Para Paulo Benevento, isso acontece porque as diretrizes terapêuticas para pacientes com câncer são individualizadas – é o hospital que muitas vezes tem que executar esse processo de compra. “Quem vai escolher o esquema de tratamento quimioterápico para um paciente, por exemplo, é o hospital habilitado para tratamento em oncologia (Unacon).

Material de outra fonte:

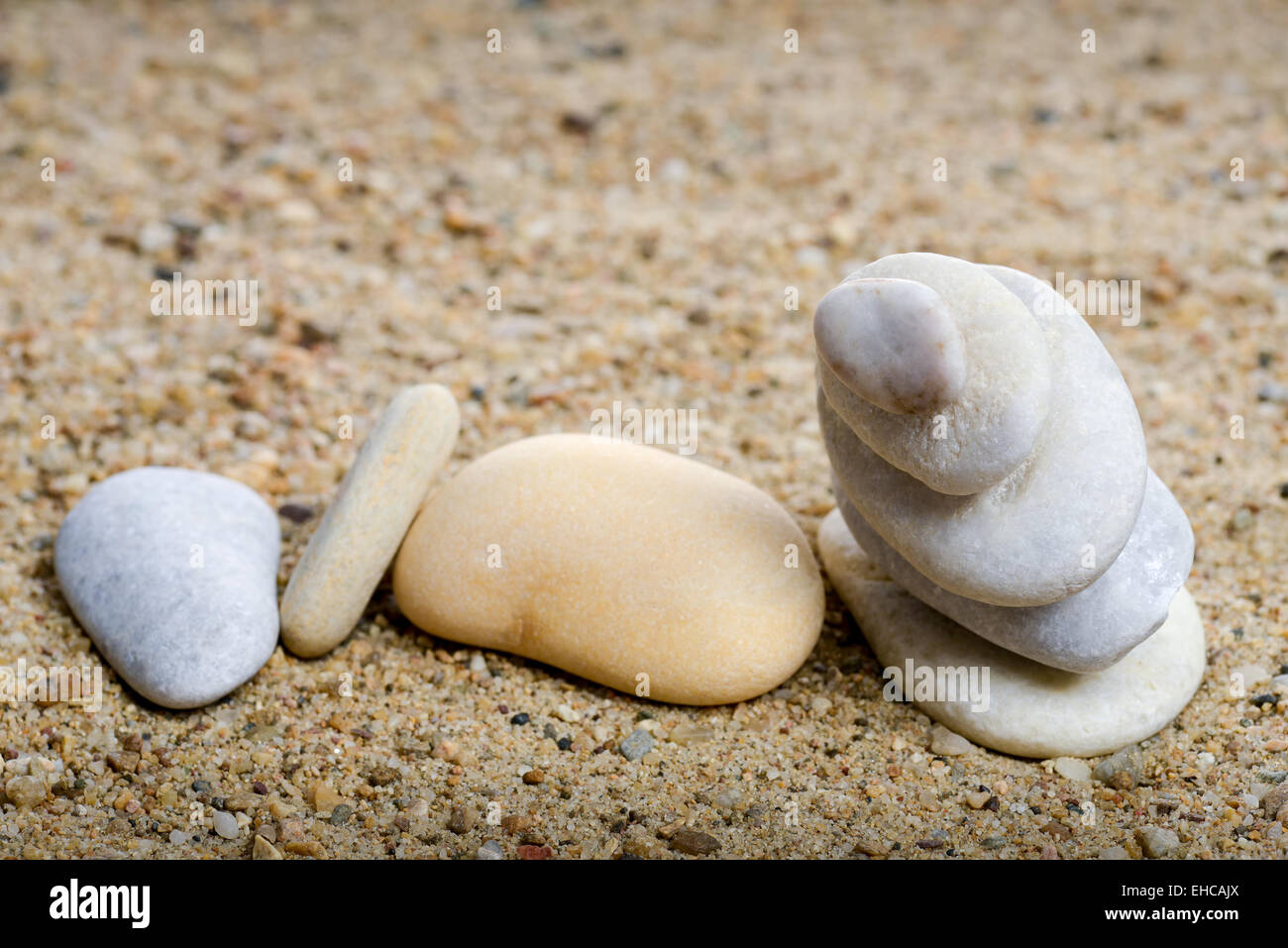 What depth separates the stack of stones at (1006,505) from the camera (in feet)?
7.29

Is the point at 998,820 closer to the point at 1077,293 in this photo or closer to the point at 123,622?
the point at 123,622

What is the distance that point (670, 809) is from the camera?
8.09 feet

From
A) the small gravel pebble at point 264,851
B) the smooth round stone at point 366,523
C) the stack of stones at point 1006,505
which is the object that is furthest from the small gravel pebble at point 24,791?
the stack of stones at point 1006,505

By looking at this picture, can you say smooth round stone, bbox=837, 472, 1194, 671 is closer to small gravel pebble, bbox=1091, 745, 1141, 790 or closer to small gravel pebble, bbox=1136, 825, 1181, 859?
small gravel pebble, bbox=1091, 745, 1141, 790

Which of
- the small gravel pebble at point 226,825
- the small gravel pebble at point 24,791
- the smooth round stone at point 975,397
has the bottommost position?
the small gravel pebble at point 226,825

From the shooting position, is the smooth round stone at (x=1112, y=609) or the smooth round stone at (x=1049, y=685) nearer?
the smooth round stone at (x=1112, y=609)

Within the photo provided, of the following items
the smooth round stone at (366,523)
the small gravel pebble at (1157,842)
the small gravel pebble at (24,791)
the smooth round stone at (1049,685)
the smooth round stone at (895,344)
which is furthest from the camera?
the smooth round stone at (366,523)

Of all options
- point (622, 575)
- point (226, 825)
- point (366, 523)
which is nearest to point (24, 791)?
point (226, 825)

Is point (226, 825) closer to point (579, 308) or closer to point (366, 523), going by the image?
point (366, 523)

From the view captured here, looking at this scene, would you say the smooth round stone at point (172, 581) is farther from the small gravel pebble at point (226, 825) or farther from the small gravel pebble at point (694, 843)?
the small gravel pebble at point (694, 843)

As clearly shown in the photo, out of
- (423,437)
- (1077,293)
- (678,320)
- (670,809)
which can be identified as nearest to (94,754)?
(423,437)

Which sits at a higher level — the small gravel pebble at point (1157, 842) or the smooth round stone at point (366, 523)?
the smooth round stone at point (366, 523)

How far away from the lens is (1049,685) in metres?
2.65

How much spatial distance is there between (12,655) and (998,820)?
2.15 metres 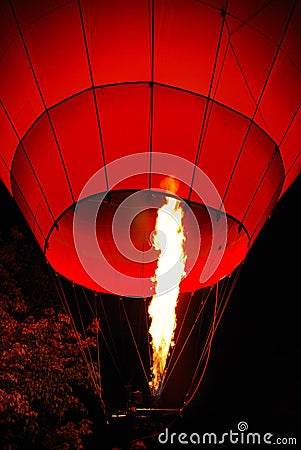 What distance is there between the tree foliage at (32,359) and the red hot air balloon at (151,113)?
83.2 inches

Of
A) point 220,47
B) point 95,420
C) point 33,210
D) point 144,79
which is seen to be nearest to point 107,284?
point 33,210

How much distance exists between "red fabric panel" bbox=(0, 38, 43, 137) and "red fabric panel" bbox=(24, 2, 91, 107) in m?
0.11

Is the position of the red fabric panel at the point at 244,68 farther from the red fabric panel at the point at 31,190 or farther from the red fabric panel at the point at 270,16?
the red fabric panel at the point at 31,190

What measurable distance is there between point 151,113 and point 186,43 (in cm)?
75

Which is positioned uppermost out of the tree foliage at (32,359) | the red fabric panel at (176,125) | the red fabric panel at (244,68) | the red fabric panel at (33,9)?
the red fabric panel at (33,9)

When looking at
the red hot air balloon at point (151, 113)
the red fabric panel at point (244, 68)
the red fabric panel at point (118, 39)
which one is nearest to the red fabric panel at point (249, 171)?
the red hot air balloon at point (151, 113)

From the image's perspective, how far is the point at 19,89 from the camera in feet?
18.2

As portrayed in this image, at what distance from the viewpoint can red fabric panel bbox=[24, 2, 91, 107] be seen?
5066mm

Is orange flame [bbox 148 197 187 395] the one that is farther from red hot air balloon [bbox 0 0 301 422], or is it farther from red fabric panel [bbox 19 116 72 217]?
red fabric panel [bbox 19 116 72 217]

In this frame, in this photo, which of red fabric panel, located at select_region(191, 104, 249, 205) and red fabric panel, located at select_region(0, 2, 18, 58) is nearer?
red fabric panel, located at select_region(0, 2, 18, 58)

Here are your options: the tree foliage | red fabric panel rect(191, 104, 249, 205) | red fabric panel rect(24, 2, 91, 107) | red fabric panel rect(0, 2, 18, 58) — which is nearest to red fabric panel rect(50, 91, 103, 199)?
red fabric panel rect(24, 2, 91, 107)

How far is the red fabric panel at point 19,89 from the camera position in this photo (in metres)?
5.39

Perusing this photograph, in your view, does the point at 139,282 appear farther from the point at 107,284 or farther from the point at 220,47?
the point at 220,47

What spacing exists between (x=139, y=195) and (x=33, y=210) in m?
1.17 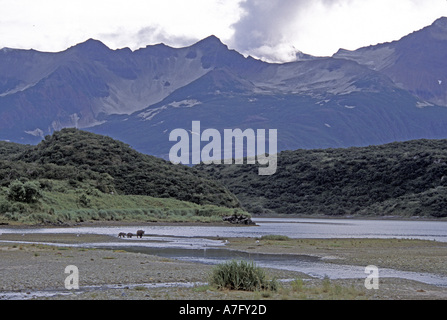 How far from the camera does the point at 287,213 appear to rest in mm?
156250

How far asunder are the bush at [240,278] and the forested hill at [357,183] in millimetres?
118820

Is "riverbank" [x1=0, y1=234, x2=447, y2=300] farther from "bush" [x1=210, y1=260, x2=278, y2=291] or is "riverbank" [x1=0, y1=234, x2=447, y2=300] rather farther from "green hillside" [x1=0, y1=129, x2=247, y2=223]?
"green hillside" [x1=0, y1=129, x2=247, y2=223]

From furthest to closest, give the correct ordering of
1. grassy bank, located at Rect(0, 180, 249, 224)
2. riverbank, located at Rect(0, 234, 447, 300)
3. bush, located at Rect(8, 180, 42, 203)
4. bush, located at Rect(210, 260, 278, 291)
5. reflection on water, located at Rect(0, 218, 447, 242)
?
bush, located at Rect(8, 180, 42, 203), grassy bank, located at Rect(0, 180, 249, 224), reflection on water, located at Rect(0, 218, 447, 242), bush, located at Rect(210, 260, 278, 291), riverbank, located at Rect(0, 234, 447, 300)

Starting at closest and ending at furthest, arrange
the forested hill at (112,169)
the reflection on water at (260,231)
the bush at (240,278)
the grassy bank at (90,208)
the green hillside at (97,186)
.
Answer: the bush at (240,278)
the reflection on water at (260,231)
the grassy bank at (90,208)
the green hillside at (97,186)
the forested hill at (112,169)

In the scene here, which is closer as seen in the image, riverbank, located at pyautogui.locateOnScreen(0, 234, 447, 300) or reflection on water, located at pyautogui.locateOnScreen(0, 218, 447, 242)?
riverbank, located at pyautogui.locateOnScreen(0, 234, 447, 300)

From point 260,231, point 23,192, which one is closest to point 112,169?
point 260,231

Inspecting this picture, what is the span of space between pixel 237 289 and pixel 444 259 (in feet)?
60.3

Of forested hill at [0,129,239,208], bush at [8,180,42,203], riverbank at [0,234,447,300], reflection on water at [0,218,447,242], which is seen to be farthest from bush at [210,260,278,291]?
forested hill at [0,129,239,208]

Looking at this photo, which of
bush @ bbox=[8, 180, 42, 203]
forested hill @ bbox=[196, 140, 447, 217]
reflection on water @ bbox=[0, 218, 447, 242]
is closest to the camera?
reflection on water @ bbox=[0, 218, 447, 242]

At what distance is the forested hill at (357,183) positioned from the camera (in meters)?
142

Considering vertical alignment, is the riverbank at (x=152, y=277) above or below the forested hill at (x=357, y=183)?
below

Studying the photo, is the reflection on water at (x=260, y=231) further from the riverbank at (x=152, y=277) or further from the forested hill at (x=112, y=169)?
the riverbank at (x=152, y=277)

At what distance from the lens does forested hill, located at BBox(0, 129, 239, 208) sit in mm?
87062

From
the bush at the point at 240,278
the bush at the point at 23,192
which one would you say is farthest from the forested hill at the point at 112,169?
the bush at the point at 240,278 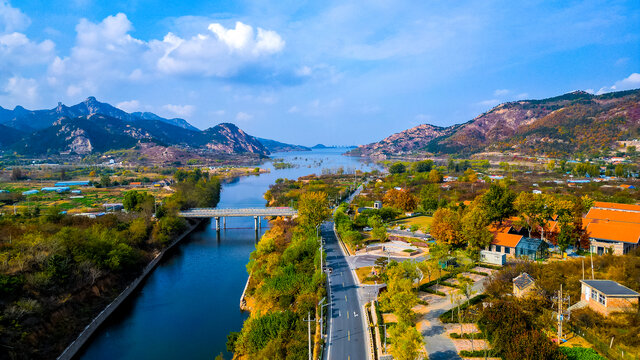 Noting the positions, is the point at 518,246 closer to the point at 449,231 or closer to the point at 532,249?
the point at 532,249

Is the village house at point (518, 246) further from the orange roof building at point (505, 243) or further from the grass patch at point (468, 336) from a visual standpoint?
the grass patch at point (468, 336)

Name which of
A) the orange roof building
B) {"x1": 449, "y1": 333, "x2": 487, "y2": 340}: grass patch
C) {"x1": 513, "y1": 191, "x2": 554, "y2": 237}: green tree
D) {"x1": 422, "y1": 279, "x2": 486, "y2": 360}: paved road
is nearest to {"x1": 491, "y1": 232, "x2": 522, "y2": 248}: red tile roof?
the orange roof building

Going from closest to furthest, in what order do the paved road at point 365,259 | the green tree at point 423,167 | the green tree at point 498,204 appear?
A: the paved road at point 365,259 < the green tree at point 498,204 < the green tree at point 423,167

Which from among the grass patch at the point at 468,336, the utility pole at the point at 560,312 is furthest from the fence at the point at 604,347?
the grass patch at the point at 468,336

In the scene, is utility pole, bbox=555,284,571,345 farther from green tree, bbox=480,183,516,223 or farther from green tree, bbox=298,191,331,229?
green tree, bbox=298,191,331,229

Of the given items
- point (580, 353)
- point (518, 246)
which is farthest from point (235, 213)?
point (580, 353)

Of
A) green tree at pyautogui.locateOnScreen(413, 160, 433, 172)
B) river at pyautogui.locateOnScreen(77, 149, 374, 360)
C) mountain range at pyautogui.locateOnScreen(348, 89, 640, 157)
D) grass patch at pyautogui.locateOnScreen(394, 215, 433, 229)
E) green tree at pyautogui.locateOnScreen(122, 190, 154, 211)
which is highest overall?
mountain range at pyautogui.locateOnScreen(348, 89, 640, 157) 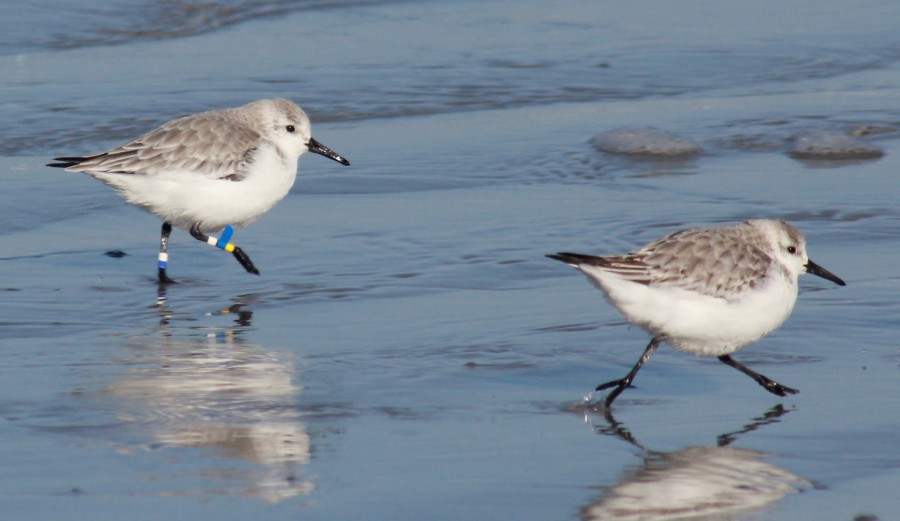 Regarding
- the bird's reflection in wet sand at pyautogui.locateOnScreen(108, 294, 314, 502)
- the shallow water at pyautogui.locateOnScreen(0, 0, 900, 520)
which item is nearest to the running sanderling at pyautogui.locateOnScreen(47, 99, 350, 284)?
the shallow water at pyautogui.locateOnScreen(0, 0, 900, 520)

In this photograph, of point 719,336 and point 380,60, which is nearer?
point 719,336

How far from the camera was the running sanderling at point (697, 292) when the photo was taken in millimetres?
5371

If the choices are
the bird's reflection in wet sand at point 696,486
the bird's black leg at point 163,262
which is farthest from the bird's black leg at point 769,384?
the bird's black leg at point 163,262

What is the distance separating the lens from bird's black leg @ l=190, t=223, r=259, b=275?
7656mm

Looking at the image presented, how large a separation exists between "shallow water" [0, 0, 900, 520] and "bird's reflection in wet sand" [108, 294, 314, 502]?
0.02m

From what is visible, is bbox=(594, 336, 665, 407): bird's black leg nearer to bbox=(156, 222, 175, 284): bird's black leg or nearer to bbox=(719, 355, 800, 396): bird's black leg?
bbox=(719, 355, 800, 396): bird's black leg

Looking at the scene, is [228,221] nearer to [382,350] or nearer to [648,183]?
[382,350]

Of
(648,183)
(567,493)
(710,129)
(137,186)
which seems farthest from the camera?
(710,129)

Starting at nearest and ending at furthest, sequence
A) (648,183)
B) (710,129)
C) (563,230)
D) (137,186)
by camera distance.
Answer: (137,186), (563,230), (648,183), (710,129)

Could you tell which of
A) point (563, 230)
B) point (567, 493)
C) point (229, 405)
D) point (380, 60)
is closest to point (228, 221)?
point (563, 230)

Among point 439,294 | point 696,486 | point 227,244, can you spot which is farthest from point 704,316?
point 227,244

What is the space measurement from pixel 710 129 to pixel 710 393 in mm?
5874

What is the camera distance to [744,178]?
32.1 feet

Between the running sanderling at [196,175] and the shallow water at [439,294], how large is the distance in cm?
30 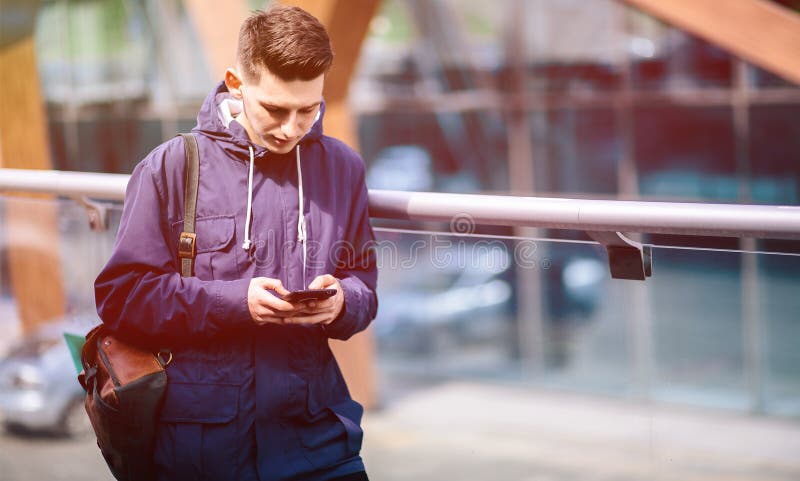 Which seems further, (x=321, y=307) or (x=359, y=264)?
(x=359, y=264)

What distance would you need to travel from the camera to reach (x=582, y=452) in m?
3.52

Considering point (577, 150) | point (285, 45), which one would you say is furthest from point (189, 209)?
point (577, 150)

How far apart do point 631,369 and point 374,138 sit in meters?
5.34

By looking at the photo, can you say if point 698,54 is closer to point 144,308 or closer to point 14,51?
point 14,51

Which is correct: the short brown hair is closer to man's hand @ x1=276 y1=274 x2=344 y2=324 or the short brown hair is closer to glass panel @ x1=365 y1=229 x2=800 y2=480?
man's hand @ x1=276 y1=274 x2=344 y2=324

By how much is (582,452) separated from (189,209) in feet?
6.61

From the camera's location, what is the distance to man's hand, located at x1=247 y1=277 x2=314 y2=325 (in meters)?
1.97

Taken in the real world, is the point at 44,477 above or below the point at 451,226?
below

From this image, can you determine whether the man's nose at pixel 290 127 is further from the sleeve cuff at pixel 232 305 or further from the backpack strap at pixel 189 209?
the sleeve cuff at pixel 232 305

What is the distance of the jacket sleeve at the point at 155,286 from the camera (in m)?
1.99

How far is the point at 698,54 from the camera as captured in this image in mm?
12852

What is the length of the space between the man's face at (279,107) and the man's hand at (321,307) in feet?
0.99

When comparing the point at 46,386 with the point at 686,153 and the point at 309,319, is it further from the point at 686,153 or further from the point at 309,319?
the point at 686,153

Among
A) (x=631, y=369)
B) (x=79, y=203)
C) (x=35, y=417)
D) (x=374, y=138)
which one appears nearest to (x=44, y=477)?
(x=35, y=417) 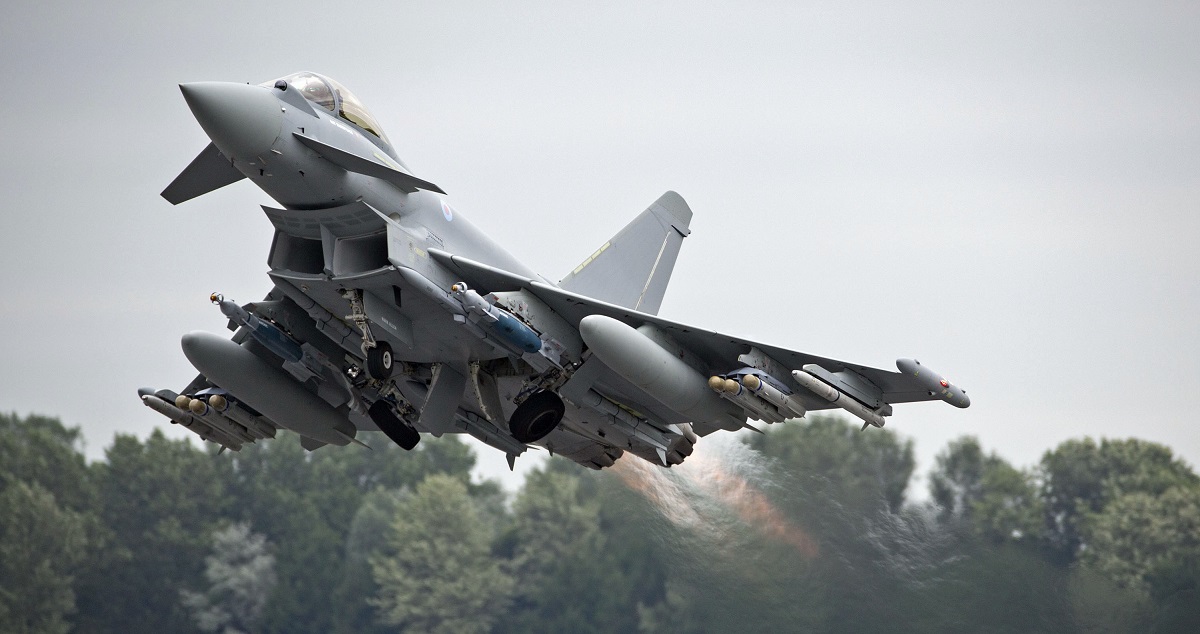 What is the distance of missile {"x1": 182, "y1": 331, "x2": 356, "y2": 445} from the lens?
18.3 m

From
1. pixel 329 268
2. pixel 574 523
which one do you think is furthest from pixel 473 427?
pixel 574 523

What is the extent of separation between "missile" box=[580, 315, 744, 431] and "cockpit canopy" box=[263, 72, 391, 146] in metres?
3.65

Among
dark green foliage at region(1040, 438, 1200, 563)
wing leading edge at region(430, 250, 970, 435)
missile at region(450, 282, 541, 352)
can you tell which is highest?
dark green foliage at region(1040, 438, 1200, 563)

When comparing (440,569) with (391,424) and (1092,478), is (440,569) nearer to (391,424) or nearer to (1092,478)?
(1092,478)

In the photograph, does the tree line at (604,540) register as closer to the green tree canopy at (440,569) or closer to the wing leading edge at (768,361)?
the green tree canopy at (440,569)

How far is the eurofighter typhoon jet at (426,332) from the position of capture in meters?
15.6

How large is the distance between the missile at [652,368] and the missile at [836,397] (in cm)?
114

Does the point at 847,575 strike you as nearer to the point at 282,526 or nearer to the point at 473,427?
the point at 473,427

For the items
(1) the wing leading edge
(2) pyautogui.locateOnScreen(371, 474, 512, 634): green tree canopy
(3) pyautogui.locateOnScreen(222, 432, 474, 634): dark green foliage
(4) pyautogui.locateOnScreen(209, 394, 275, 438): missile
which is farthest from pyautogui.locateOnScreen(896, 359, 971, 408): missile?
(3) pyautogui.locateOnScreen(222, 432, 474, 634): dark green foliage

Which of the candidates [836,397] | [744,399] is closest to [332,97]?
[744,399]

Então ele compra o medicamento e o ministério reembolsa, mas o valor custeado pela União está defasado, o que faz o hospital depender de verba do Estado para arcar com o restante da despesa”, explica o advogado. “Nos hospitais em que o Estado não arca com essa diferença, pode ser que o tratamento nunca seja ofertado, criando desigualdades entre Estados e ferindo o princípio da equidade no SUS”, afirma.

Segundo Thiago Bueno de Oliveira, oncologista clínico do A.C.Camargo Cancer Center e presidente do Grupo Brasileiro de Câncer de Cabeça e Pescoço (GBCP), a demora tanto no processo de incorporação quanto de oferta de drogas oncológicas inovadoras impede que pacientes do SUS tenham acesso a medicamentos que poderiam fazer diferença em seus tratamentos. 

“Há ainda uma desigualdade grande entre o que o SUS oferece e os tratamentos disponíveis na saúde suplementar. Entendo as barreiras financeiras e logísticas, mas, uma vez incorporadas, elas se traduziriam em ganho de sobrevida e melhor taxa de resposta ao tratamento. Na prática, essa demora faz com que pacientes tenham menor chance de cura e maior mortalidade”, diz Oliveira.

Monitor dos 180 dias

Diante do cenário de reiterados atrasos e de falta de transparência sobre os gargalos em cada uma das fases necessárias para a oferta de novas terapias no SUS, o movimento A Regra É Clara criou uma ferramenta que acompanha todos os processos de incorporação de novas tecnologias no SUS e monitora de forma detalhada os status de cada fase. Ainda em desenvolvimento, o Monitor dos 180 dias tem como principal objetivo supervisionar as diferentes etapas necessárias para a primeira oferta de novas tecnologias no SUS e fiscalizar o cumprimento do prazo previsto em lei. 

“Vamos acompanhar todos os processos de incorporação, que começaram em 2012, com a criação da Conitec. São mais de 900 processos. Isso nos permite identificar tendências, gargalos, criar estatísticas e subsidiar possíveis intervenções em políticas públicas”, diz Paulo Benevento.

A ferramenta ainda não está disponível ao público, mas já é usada internamente pela equipe de advocacy das ONGs AME e CDD para embasar ações de defesa dos direitos dos pacientes. O levantamento dos oito casos relatados ao MPF de medicamentos incorporados entre 2020 e 2021 e que ainda não foram ofertados aos pacientes foi feito graças ao monitor.

O intuito do A Regra É Clara (AREC) é aprimorar e desenvolver estratégias de conscientização e mobilização social para a efetivação de políticas públicas de saúde. Por meio do movimento, as organizações buscam evidenciar eventuais descumprimentos de regras e propor mudanças para ampliação e aprimoramento do acesso à saúde. Uma das bandeiras do movimento é o respeito ao prazo de 180 dias para oferta de tecnologias de saúde após sua incorporação.